Bir okur (üniversitede öğretim üyesiymiş)
mektup gönderiyor...
Hürriyet'in Yetiş Ayşe'sine...
Özetle diyor ki;
"Lise öğretmeni, öğrencisi olan kıza tecavüz etti. Kızı
yıllarca, karımı boşayıp seni alacağım diye kandırdı. Kızın
hayatını üniversite 4. sınıfta bitirdi..."
Hey Allahım dedim okuduğumda...
Hani "eğitim cehaleti alıyor, eşeklik baki
kalıyordu"...
Cehaleti de almıyormuş anlaşılan...
Baksanıza üniversitede öğretim üyesi olmuş...
Ama daha böyle bir ihbarı gazeteye değil,
savcılığa yapması gerektiğini öğrenememiş!
Asıl sonrası vahim!
Yetiş Ayşe yanıt veriyor...
"Şimdi buradan bu öğretmene bir kaç lafım var.
Öğretmenlerin yüz karası rezil adam, seni açık seçik tehdit
ediyorum, ismin, cismin, okulunun adı yani seninle ilgili tüm
bilgiler bende saklı. Seni yakın takibe aldım.
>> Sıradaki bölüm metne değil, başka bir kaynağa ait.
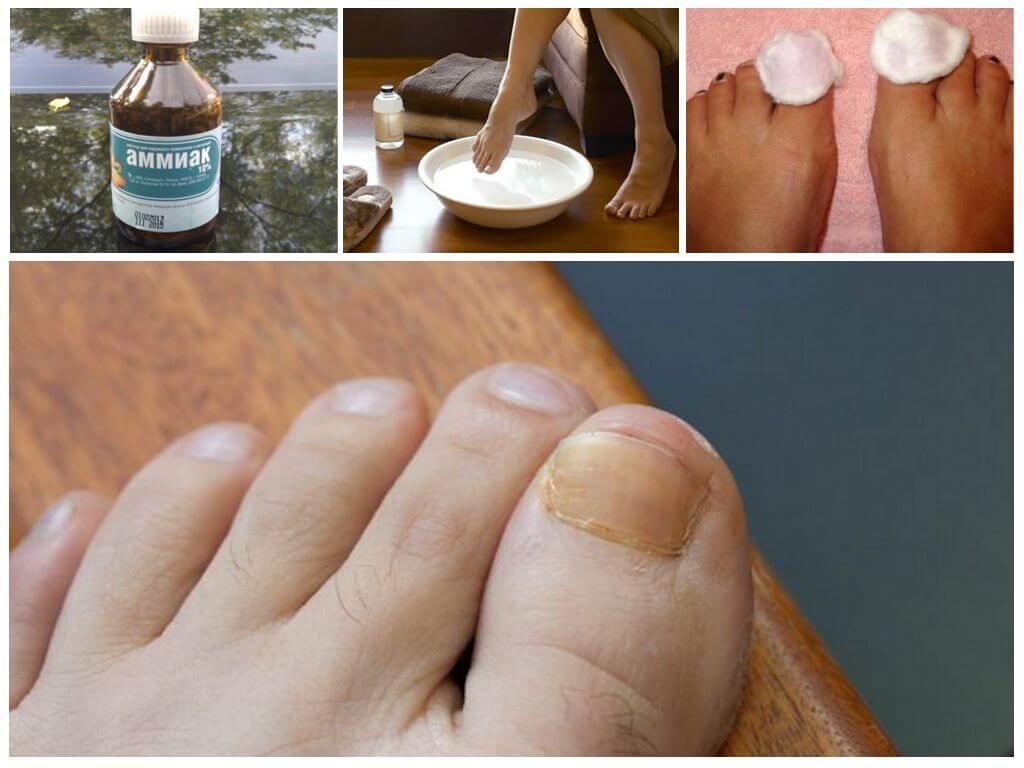 Лечение ногтевого грибка на ногах. Нормотрофический онихомикоз. Онихомикоз ( обработка грибковых ногтей).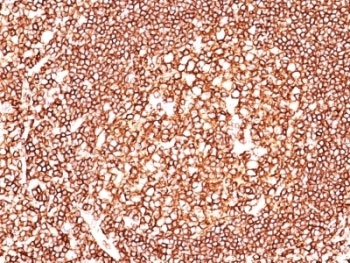 CD45 / LCA Antibody - IHC testing of human tonsil with CD45 antibody.  This image was taken for the unmodified form of this product. Other forms have not been tested.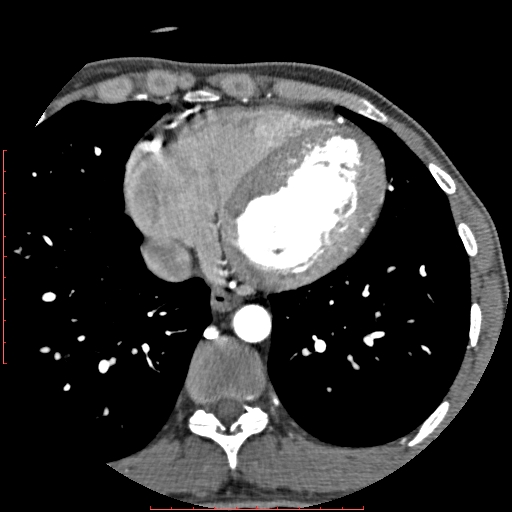 Anomalous left coronary artery from the pulmonary artery (ALCAPA) (Radiopaedia 70148-80181 A 265).jpg
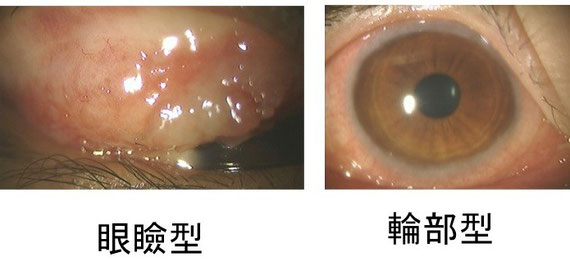 コロナ 結膜炎 片目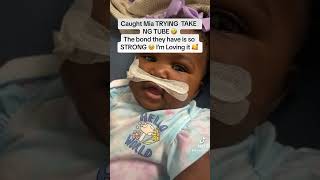 GERMIA amp GERMERE 🥹🥰 feedingtube bigfamily explorepage [upl. by Tomchay]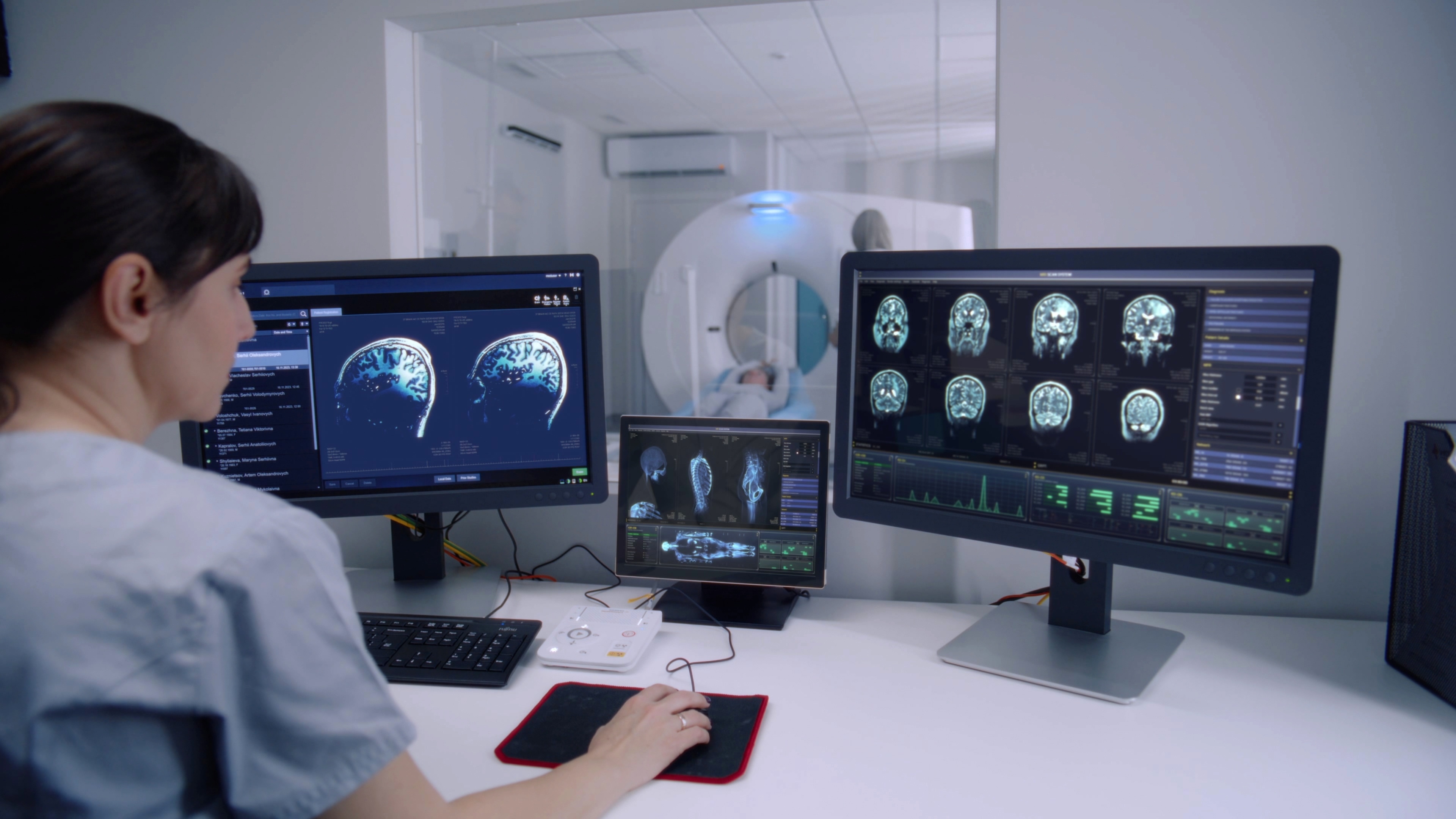 CT scanning of the brain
Nasıl mı onu hiç
bilemeyeceksin. Eğer seninle ilgili en ufak bir şikâyet daha
alırsam adını soyadını her şeyini tüm ülkeye ifşa
ederim."
Hale bakar mısınız!
Ayşe Bacı da aynı kafada...
Tecavüzcü olduğunu iddia ettiği öğretmenin her bir şeyini biliyor
ama ne hikmetse o da savcılığa şikayet
etmiyor.
Ne yapıyor peki Ayşe Bacı...
Takip ediyormuş tecavüzcü öğretmeni...
Anladık Dişi Vardar olmaya özendin de bacım!..
Mazallah!
Ya bu adam sana da bir şey yaparsa...
Hele bir de...
Şu cümlen var ya Ayşe Bacı...
Valla beni bitirdi!.
-"Eğer bir şikayet daha alırsam adını bütün ülkeye ifşa
ederim"...
Ne demek bu Ayşe Bacı?
Yani bir tecavüz yetmez birine daha tecavüz et öyle
bakarız mı demeye getiriyorsun?
Yok bacım yok...
Aman sen YETİŞME!
Zira bu lafı edenin yetişince ne yapacağı hiç belli olmaz!